Es waren zwei Motive, die Adorno und Scholem verbanden: die ganz unterschiedlichen Beziehungen zu Walter Benjamin, dem Adornos Denken Wesentliches verdankt und dem Scholem ein Freund war; sodann die Trauer um Benjamins auf der Flucht vor den Nationalsozialisten verlorenes Leben, schließlich die Sorge um sein nachgelassenes Werk. Mindestens ebenso sehr aber lag beiden an dem, worum es Benjamin in der Sache gegangen war: einer möglichen Beziehung von Theologie und historischem Materialismus.

So schrieb Adorno Ende 1957 nach Jerusalem, dass es ihm bei einem Text zu Proust „um nichts Geringeres“ gegangen sei „als um die Aufklärung als Rettung der Theologie.“ Andererseits geht es beiden immer wieder um gemeinsame Bekannte, nicht zuletzt um Ernst Bloch, dessen Werk – weniger seine Person – beide mit ambivalenten Gefühlen schätzten und dessen Flucht aus der DDR in die Bundesrepublik sie begrüßten.

Adorno aber verstand die Intimität des Briefwechsels als geschützten Raum, um seinen ungehemmten Abneigungen Ausdruck zu verleihen. Hannah Arendt etwa, ebenfalls eine Freundin Benjamins, wird zur Zielscheibe heftigster Invektiven. In einem Brief von 1963, in dem sich Adorno zustimmend zu Scholems Kritik an Arendts Buch über „Eichmann in Jerusalem“ äußert, schreibt er, dass Scholems Kritik „nur die alte Antipathie bestätigt, welche ich gegen diese Dame seit unserer Jugend hegte; gegen den maßlosen Ehrgeiz, das intellektuelle Neophytentum.
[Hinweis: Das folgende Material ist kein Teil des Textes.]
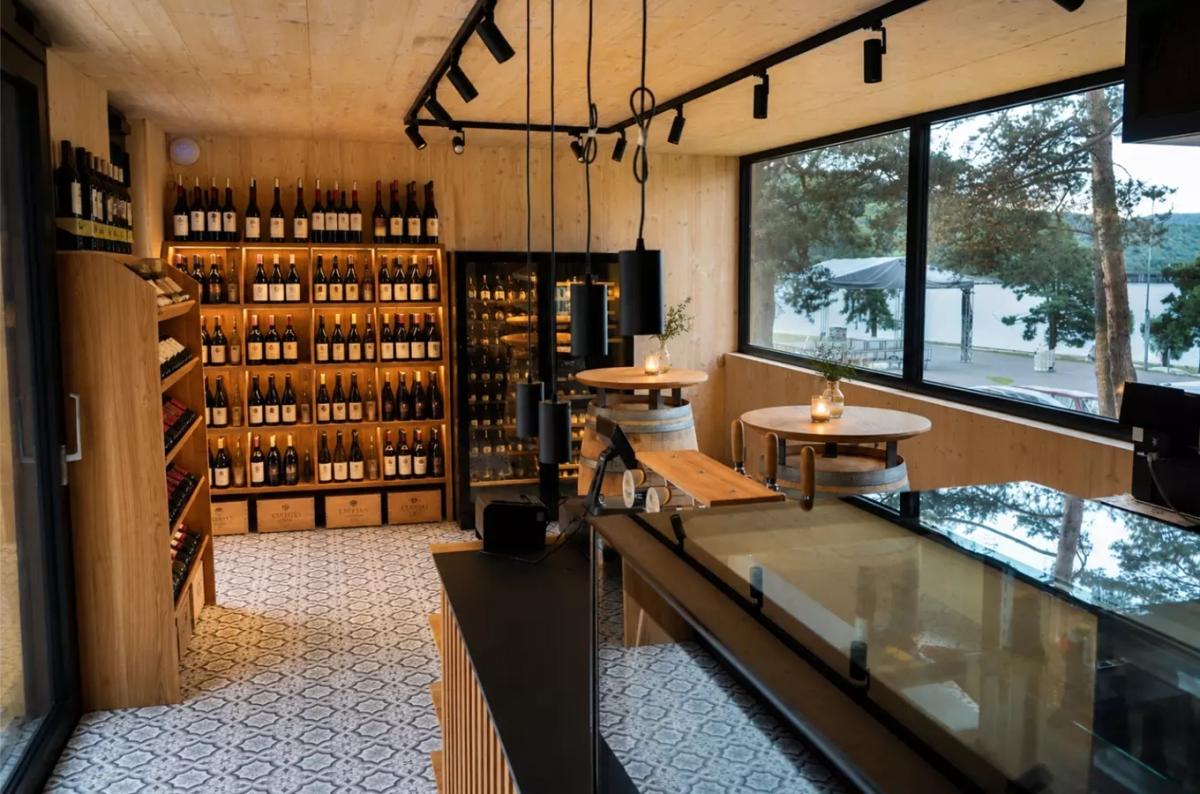 Degustace vín na Vranovské pláži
Nur in einem hat sie recht: Sie ist nie eine Linksintellektuelle gewesen, freilich kommt sie auch nicht von der deutschen Philosophie her. Sie ist eine Schülerin von Jaspers.“ Arendt wird hier – durchaus mit einem gewissen Klassendünkel – als intellektuelle „Aufsteigerin“ bezeichnet und als Nichtphilosophin ausgegrenzt.
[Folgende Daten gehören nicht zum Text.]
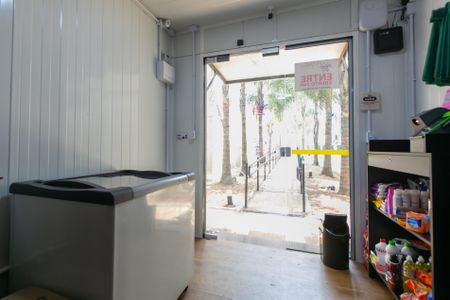 Apartamento à venda com 38m², 2 quartos e 1 vaga Apartamento à venda com 38m², 2 quartos e 1 vagaÁrea comum - Mini Mercado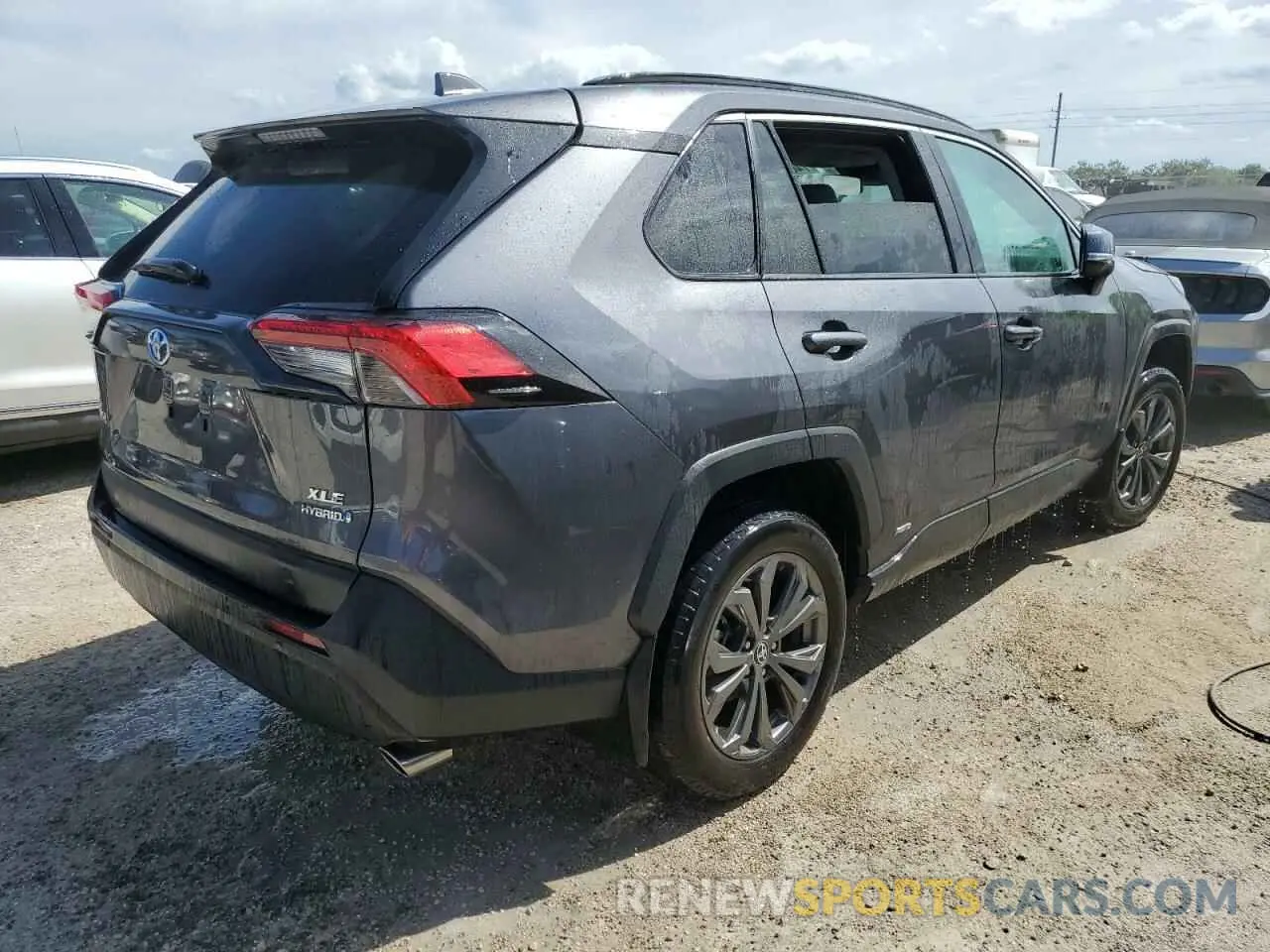 3 fotografías del automóvil dañado 4T3B6RFV5RU158759 TOYOTA RAV4 2024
Noch stärker trifft Adornos Bannstrahl die auch heute noch zu wenig rezipierte deutsch-jüdische Philosophin und Dichterin Margarete Susman (1872–1966) , die als Philosophin gleichrangig neben Martin Buber und Franz Rosenzweig steht und der Elisa Klapheck kürzlich eine ausführliche Monografie gewidmet hat. Adorno aber hielt sie für „ein Weib, dessen moralischer Speck sozusagen am messianischen Licht geschmolzen und in die Erscheinung getreten ist. Ich weiß mir kaum etwas Schlimmeres als diese Figuren, welche Elemente der Wahrheit der Lüge zugeführt haben.“

Es war Susman, die schon 1946 in der Schweiz eine erste geschichtsphilosophische Deutung der Schoah aus jüdischer Perspektive vorgelegt hatte: „Das Buch Hiob und das Schicksal des jüdischen Volkes“.

Das Verhältnis von Theologie und radikaler Veränderung der Verhältnisse, von Walter Benjamin in einer Lehre des Messianischen postuliert, war jenes Hauptanliegen Adornos, das er in seiner 1966 publizierten „Negativen Dialektik“ zu entfalten suchte. Adorno, der Scholem das Buch nach Jerusalem geschickt hatte, erhielt von ihm im März 1968 einen außerordentlich langen Brief, der als philosophische Mitte ihrer Beziehung gelten kann. Man kann diesen vom März 1967 datierten Brief zugleich als profunde Kritik an Adornos Programm einer materialistisch vorgehenden Rettung theologischer Gehalte lesen.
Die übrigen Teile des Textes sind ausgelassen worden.